Figure 2.1.3 shows a direction field and some integral curves for Equation \ref{eq:2.2.16}
Find all solutions of
\[\label{eq:2.2.18} y'={1\over2}x(1-y^2). \]
Here we must divide by \(p(y)=1-y^2\) to separate variables. This isn’t legitimate if \(y\) is a solution of Equation \ref{eq:2.2.18} that equals \(\pm1\) for some value of \(x\). Two such solutions can be found by inspection: \(y \equiv 1\) and \(y\equiv-1\). Now suppose \(y\) is a solution of Equation \ref{eq:2.2.18} such that \(1-y^2\) isn’t identically zero. Since \(1-y^2\) is continuous there must be an interval on which \(1-y^2\) is never zero. Since division by \(1-y^2\) is legitimate for \(x\) in this interval, we can separate variables in Equation \ref{eq:2.2.18} to obtain
\[{2dy\over y^2-1}=-xdx. \nonumber \]
A partial fraction expansion on the left yields
\[\left[{1\over y-1}-{1\over y+1}\right]y'=-x, \nonumber \]
and integrating yields
\[\ln\left|{y-1\over y+1}\right|=-{x^2\over2}+k; \nonumber \]
hence,
\[\left|{y-1\over y+1}\right|=e^ke^{-x^2/2}. \nonumber \]

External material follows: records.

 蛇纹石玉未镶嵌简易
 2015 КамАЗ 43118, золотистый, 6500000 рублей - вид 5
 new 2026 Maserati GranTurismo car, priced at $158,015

Since \(y(x)\ne\pm1\) for \(x\) on the interval under discussion, the quantity \((y-1)/(y+1)\) cannot change sign in this interval. Therefore we can rewrite the last equation as
\[{y-1\over y+1}=ce^{-x^2/2}, \nonumber \]
where \(c=\pm e^k\), depending upon the sign of \((y-1)/(y+1)\) on the interval. Solving for \(y\) yields
\[\label{eq:2.2.19} y={1+ce^{-x^2/2}\over 1-ce^{-x^2/2}}. \]

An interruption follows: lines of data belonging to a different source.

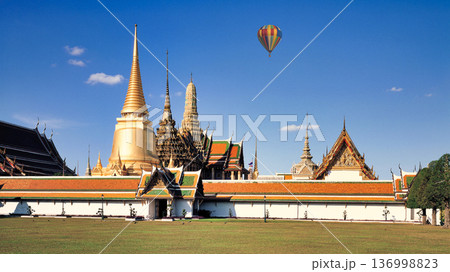 バンコクのエメラルド寺院の美しい景観 136998823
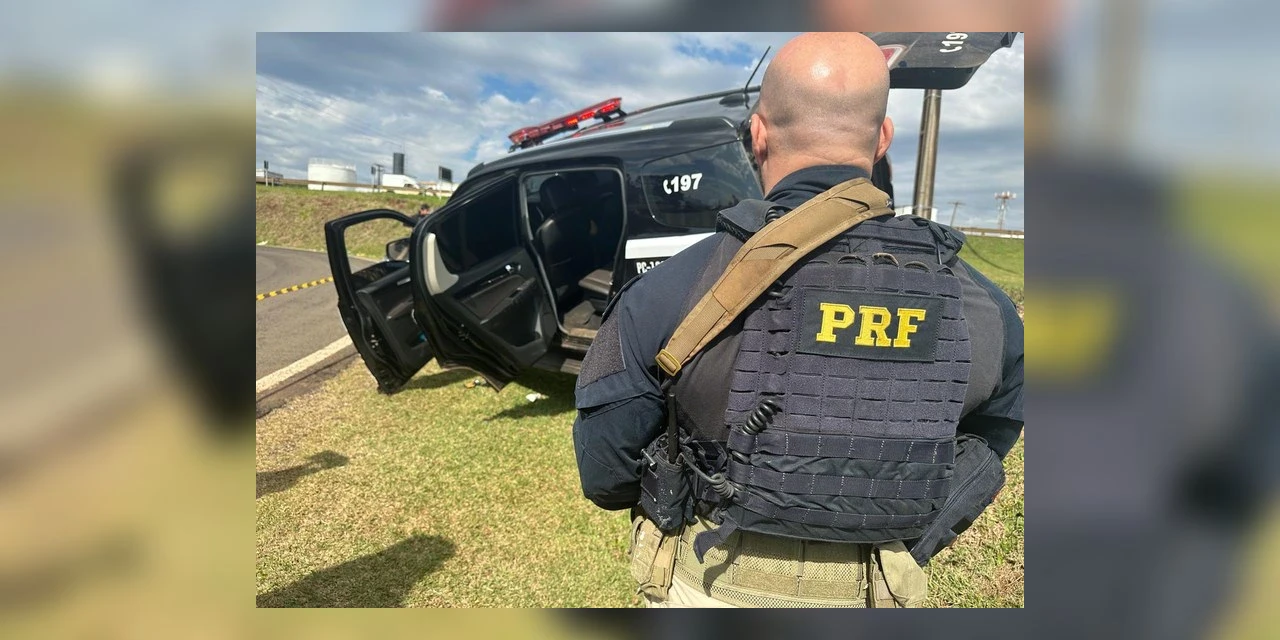 PRF apreende drogas em viatura falsa no Paraná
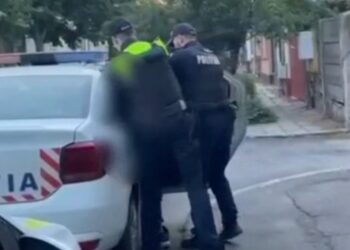 Reținut de polițiști și apoi arestat preventiv sub acuzația de vătămare corporală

We’ve now shown that if \(y\) is a solution of Equation \ref{eq:2.2.18} that is not identically equal to \(\pm1\), then \(y\) must be as in Equation \ref{eq:2.2.19}. By substituting Equation \ref{eq:2.2.19} into Equation \ref{eq:2.2.18} you can verify that Equation \ref{eq:2.2.19} is a solution of Equation \ref{eq:2.2.18}. Thus, the solutions of Equation \ref{eq:2.2.18} are \(y\equiv1\), \(y\equiv-1\) and the functions of the form Equation \ref{eq:2.2.19}. Note that the constant solution \(y \equiv 1\) can be obtained from this formula by taking \(c=0\); however, the other constant solution, \(y \equiv -1\), cannot be obtained in this way. Thus, \(y \equiv 1\) comes from the family of solutions and \(y \equiv -1\) is a singular solution.
Figure 2.1.4 shows a direction field and some integrals for Equation \ref{eq:2.2.18}.
Solve the initial value problem
\[y'=2xy^2, \quad y(0)=y_0 \nonumber \]
and determine the interval of validity of the solution.
Solution
First suppose \(y_0\ne0\). From Example 2.1.4 , we know that \(y\) must be of the form
\[\label{eq:2.2.20} y=-{1\over x^2+c}.\]
Imposing the initial condition shows that \(c=-1/y_0\). Substituting this into Equation \ref{eq:2.2.20} and rearranging terms yields the solution
\[y= {y_0\over 1-y_0x^2}. \nonumber \]
This is also the solution if \(y_0=0\). If \(y_0<0\), the denominator isn’t zero for any value of \(x\), so the the solution is valid on \((-\infty,\infty)\). If \(y_0>0\), the solution is valid only on \((-1/\sqrt{y_0},1/\sqrt{y_0})\) (recall that the interval must always include \(x_0\); in this case 0).